> I am currently trying to get out department to buy us a high spec mac that we can use for FAVE in house (we already have it up and running on various laptops) so that we can train the undergrads and postgrads on it and it will be available for them to use for dissertations/projects etc.
The way FAVE is built, it’s somewhat hard to get significantly better performance from a higher-spec machine. FAVE runs fastest on a computer with a very fast processor and a very fast hard disk—RAM doesn’t seem to matter much, assuming you have at least a few GB—but nowadays, even the cheapest Mac laptops have "very fast” hard drives (i.e., SSDs) and you can upgrade the Mac Mini drive to an SSD for US$ 200. And even the priciest processors, like those in the baseline Mac Pro (US$ 2,999) is only going to be about 1.5x than a baseline Mac Mini (which costs 5 times less). Both FAVE-align and FAVE-extract are written to process data in serial, so they don’t take advantage of the Mac Pro’s strengths, unless your lab intends to regularly run more than 4 batches at a time (if that’s the case, you might want to just purchase more low-end Macs instead). That’s not to discourage you from buying hardware to run alignment and extraction, of course.

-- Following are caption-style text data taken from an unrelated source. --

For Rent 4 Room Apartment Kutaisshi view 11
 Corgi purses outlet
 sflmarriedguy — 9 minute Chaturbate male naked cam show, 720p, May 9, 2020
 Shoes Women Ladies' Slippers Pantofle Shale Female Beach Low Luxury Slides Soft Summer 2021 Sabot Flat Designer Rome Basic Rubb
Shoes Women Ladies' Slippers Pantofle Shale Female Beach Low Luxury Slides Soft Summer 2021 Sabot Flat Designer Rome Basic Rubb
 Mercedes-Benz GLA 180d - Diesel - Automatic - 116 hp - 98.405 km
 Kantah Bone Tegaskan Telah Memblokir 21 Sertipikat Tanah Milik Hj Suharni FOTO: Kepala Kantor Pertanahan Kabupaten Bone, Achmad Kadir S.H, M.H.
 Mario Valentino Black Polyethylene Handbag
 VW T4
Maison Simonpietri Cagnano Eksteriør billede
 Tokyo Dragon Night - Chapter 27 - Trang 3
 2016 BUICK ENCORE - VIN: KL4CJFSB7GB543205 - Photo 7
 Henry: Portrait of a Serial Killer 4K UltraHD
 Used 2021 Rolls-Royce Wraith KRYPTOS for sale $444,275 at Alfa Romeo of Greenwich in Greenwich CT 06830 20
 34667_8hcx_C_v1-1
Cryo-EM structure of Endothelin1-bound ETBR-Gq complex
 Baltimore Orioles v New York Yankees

> Leung & Zue (1984) also provide an estimate of about 30 seconds per phone. They indicate that it took two experienced transcribers about 15 hours to phonetically transcribe 65 sentences, corresponding to approximately 1950 phones (= 27.7 seconds / phone).
>
> Leung, Hong C. and Victor W. Zue. 1984 . A procedure for automatic alignment of phonetic transcriptions with continuous speech. Proceedings of the IEEE International Converence on Acoustics, Speech, and Signal Processing (ICASSP 1984), pp. 73-76.
Here’s how J.P. Hosom (Speaker-independent phoneme alignment using transition-dependent states. Speech Communication 51: 352-368, 2009) summarized that study (I can’t find the original paper, either; does anyone on the list have a PDF of it?):
Leung and Zue (1984) evaluated five American English sentences from the Harvard list of phonetically-balanced sentences, aligned by two people. Manual alignment required about 30 s per phoneme, and they reported approximately 80% agreement within 10 ms, 87% agreement within 15 ms, and 93% agreement within 20ms.
Under perfect conditions (high quality recordings, native adults, little intraspeaker overlap, etc.), it takes maybe 10 minutes to do word-level (“orthographic”) transcription of one minute of speech. By my back-of-the-envelope calculation (making educated guesses about phonemes per second, etc.), orthographic transcription would thus be at least 10x faster than phoneme alignment.
Kyle